I saw a dog and several roosters and a couple donkeys and well just about every other kind of animal today. Greetings from Sovet, on the opposite side of the world, where one is required to eat at least six meals a day because one lacks the vocabulary to turn neighbors down graciously. I did learn "thank you, I'm full" in a hurry. We also make way for the sheep going to pasture and coming home.
I'm learning Kazakh as my initial language in a village about an hour outside of Almaty, the big city. Sovet is right up against the foothills of the mountains, and it's lovely. There are about three thousand people, most of whom are children. Everywhere we go, kids shout "Allo! Allo! What is your name? I love you!" There are six other volunteers and our language/cultural trainer, Sultanat in in Sovet. We're all pretty tight. When we want to email, we take the bus down to Esik. When we want to do something we meet at the school.

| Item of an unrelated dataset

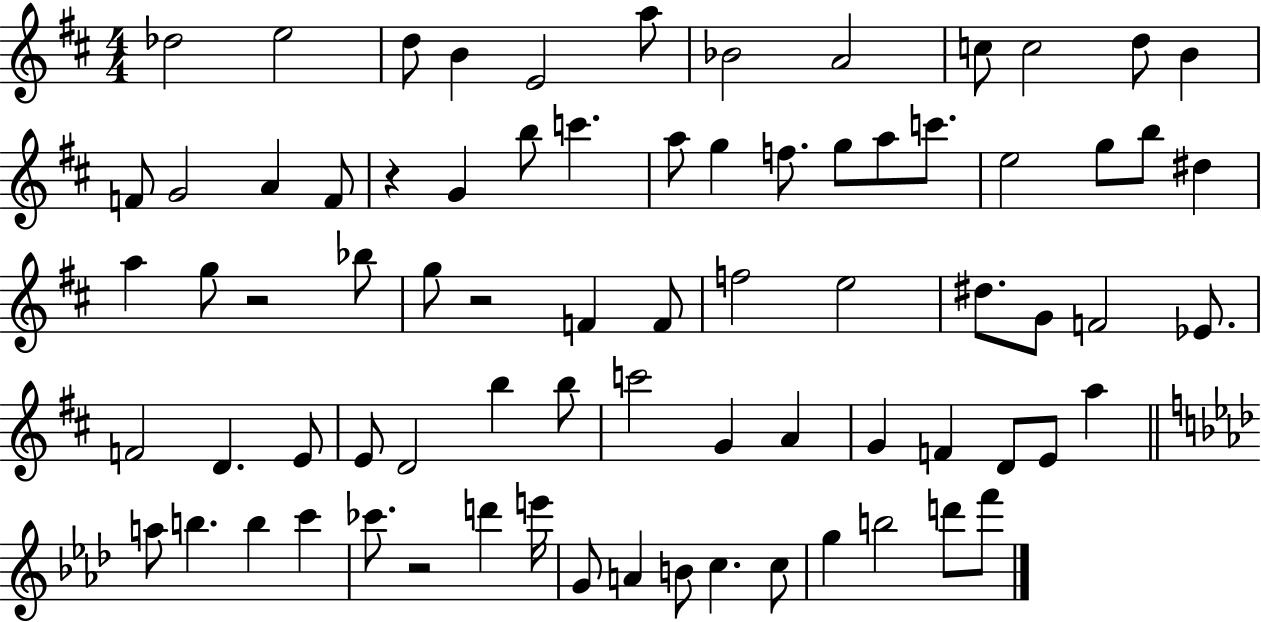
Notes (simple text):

There's too much to tell - I don't know if I'll ever catch you up on all there is to see and everything that's happened. But I'll start off by telling about our mapmaking excursion a couple days ago. Jon and Ryan live on the East side of town, and they get to school using animals as landmarks. Not smart, I tell them, because the animals move. They walk under the cherry trees parallel to the mountains and the scrap metal piles, until they reach the ditch (we helped dig it earlier). There's flowing water everywhere in Sovet. Then, they turn right at the giant hemp patch where Rasta donkey used to graze, down (North) past the pool where some boys are constantly swimming and under the honeysuckle arbor to the school.

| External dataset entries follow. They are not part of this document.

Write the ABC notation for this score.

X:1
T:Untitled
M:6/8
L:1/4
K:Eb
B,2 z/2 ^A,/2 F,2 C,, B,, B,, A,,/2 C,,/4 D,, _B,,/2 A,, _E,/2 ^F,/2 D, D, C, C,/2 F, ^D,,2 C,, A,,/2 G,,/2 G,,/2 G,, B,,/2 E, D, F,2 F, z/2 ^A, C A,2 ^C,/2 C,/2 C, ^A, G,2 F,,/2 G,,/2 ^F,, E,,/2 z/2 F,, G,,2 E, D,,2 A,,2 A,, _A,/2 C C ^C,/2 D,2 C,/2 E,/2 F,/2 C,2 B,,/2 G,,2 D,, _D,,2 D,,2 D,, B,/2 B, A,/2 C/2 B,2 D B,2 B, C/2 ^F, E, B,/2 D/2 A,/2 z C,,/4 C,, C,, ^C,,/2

I just walk a bit up (toward the mountains), since my house is just beneath the miktiep. We met there and started weaving through the streets, making maps so the medical staff can find us easily if they need to. It was more a social activity than anything. We stopped and picked up Teresa, whose host granddad just had his teeth pulled yesterday. They'll be replace with gold soon, like most of the people's teeth in the village. They were about to serve us tea, but we convinced them that we'd all just had second lunch and needed to keep going. At Yasameen's house, we made an appointment to have tea the next day.
We finished our maps, and climed a mountain the next day to look down on Sovet, but I'm out of time. We need to catch the bus back home again. I'll describe a tea at Yasameen's house later.